IV. DSB-SC performance in bandpass noise
(We will use DSB-SC system as in simulink #2.)
- Construct a DSB-SC transmitter/receiver. Let the message signal
m(t) be a sinusoid of frequency
BW_MESSAGE/2 and amplitude 100. The modulating waveform is a
cosine wave with zero phase shift, frequency F_CARR and
amplitude 1. For the low pass filter at the receiver, use
ece359lib/DSB-Low Pass block.
- We will add noise to the modulated signal s(t) of DSB-SC and observe the result at the
demodulator. Suppose you used variable name n2 to save the
bandpass noise in part III. Now use the ece359lib/From Workspace
block to input this signal into simulink.

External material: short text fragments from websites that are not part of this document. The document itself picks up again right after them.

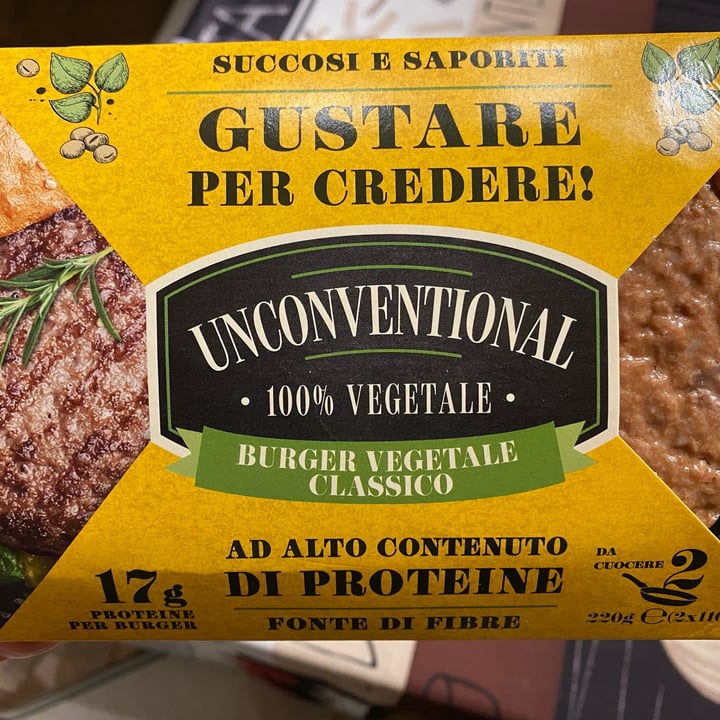 photo of Unconventional Burger Vegetale Classico - Classic Burger shared by @capezel1 on  19 Nov 2023 - review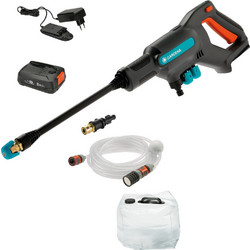Gardena Aquaclean Πλυστικό Μηχάνημα Μπαταρίας 24bar 014275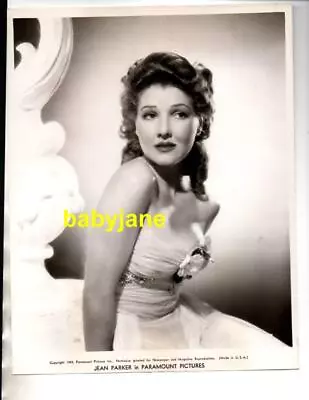 Jean Parker Original 8x10 Photo By Whitey Schafer Pinup Portrait 1943 Minsweeper • $24.99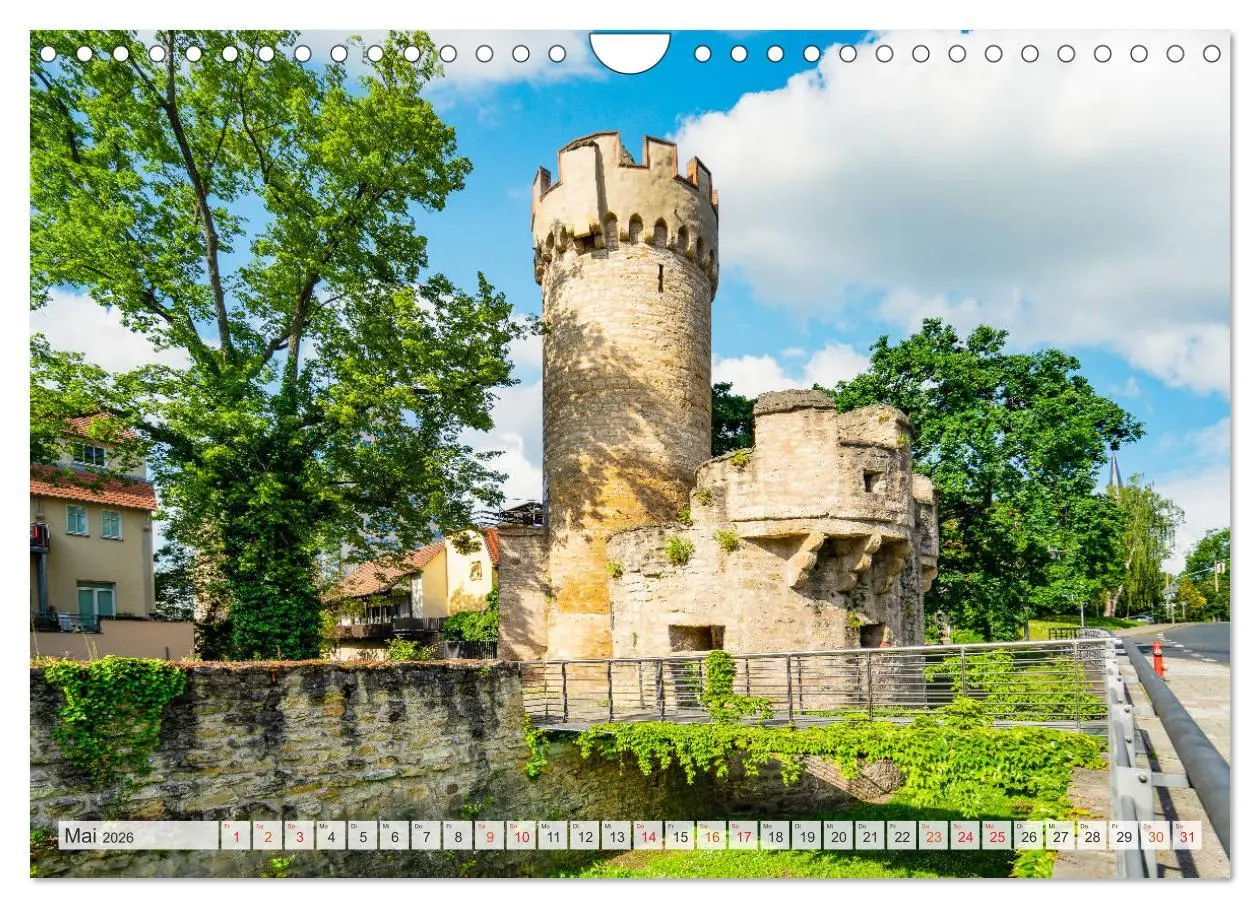 Bild: 9783457791721 | Jena Impressionen (Wandkalender 2026 DIN A4 quer), CALVENDO...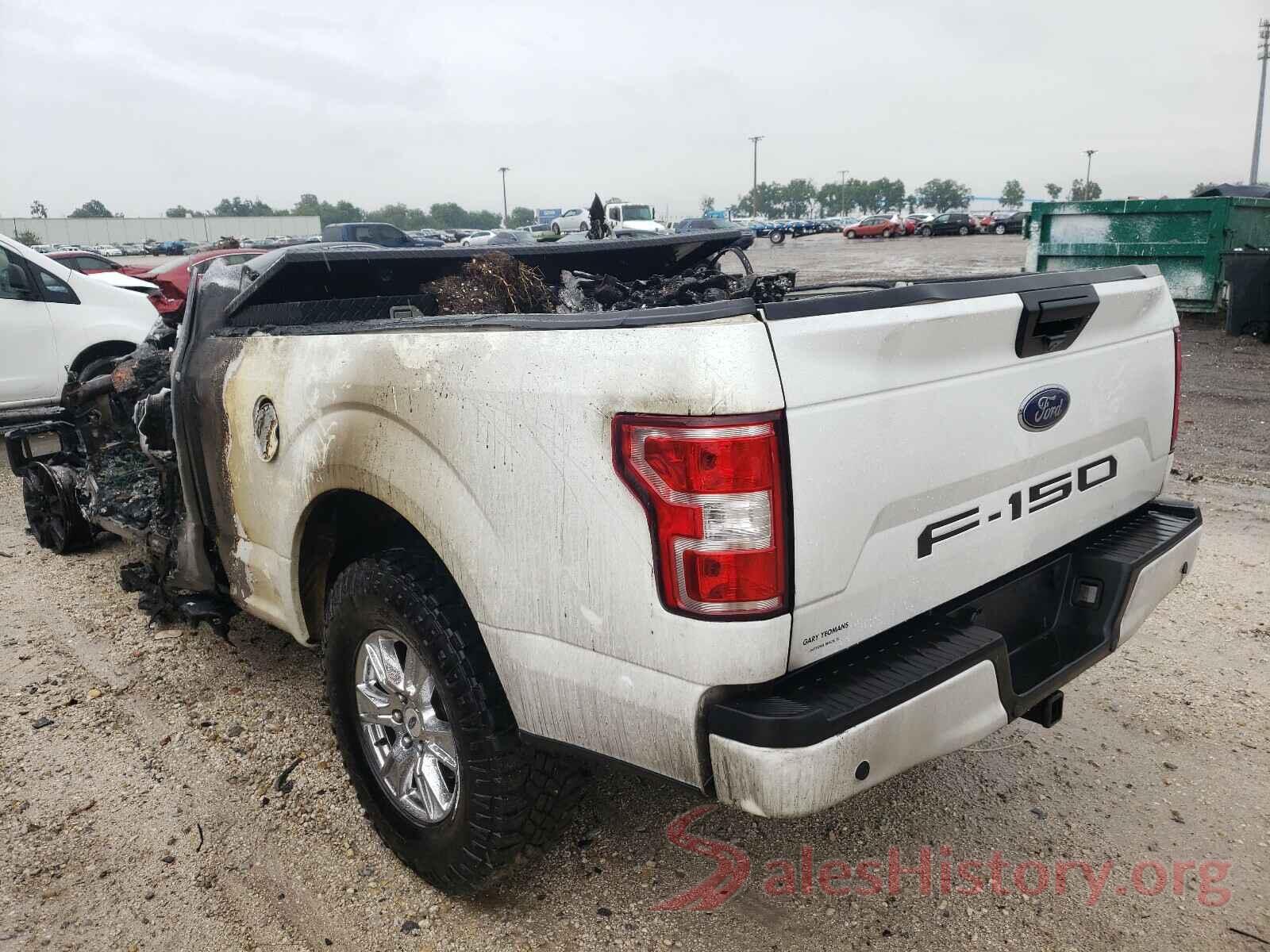 1FTFX1E51JFC66013 2018 FORD F150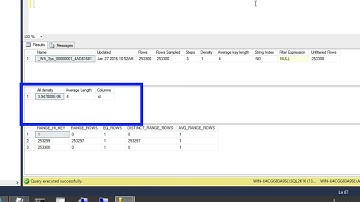 Mastering the Basics of SQL Server Query Optimization - Anatomy of a Stats Header,Vector & Histogram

- To measure the noise level of the demodulated signal, we will need
to resort to some indirect methods. Pass the source signal m(t) through the same lowpass filter that you
used in the demodulator. This gives us a version of the source signal
delayed by the same amount as the demodulated signal. Call this signal
m1(t).
- Multiply the demodulated signal by 2 and call the
resulting signal v(t). Subtract the
signal m1(t) from it. Call the resulting
signal n_r(t).
n_r(t) = v(t) - m1(t)
Save n_r(t) to the workspace using the scope.
- Use subplot to plot both n_c(t) and
n_r(t) on the same figure. Compare the
shape of the two signals.
Questions
- Submit a block diagram for part II
- Submit a block diagram for part III.
- Submit both the required plots from III.4. Explain the difference
between the two (sine and cosine) noise components as seen in the plots.
- Submit the PSD plots from II.3 and III.5. Compare the magnitude of
the PSD peak in both. The filters are known to be near perfect. Give
equations or step-by-step PSD drawings to support your observation.
- Submit a block diagram for part IV.
- Comment on the similarity between the waveforms in IV.5.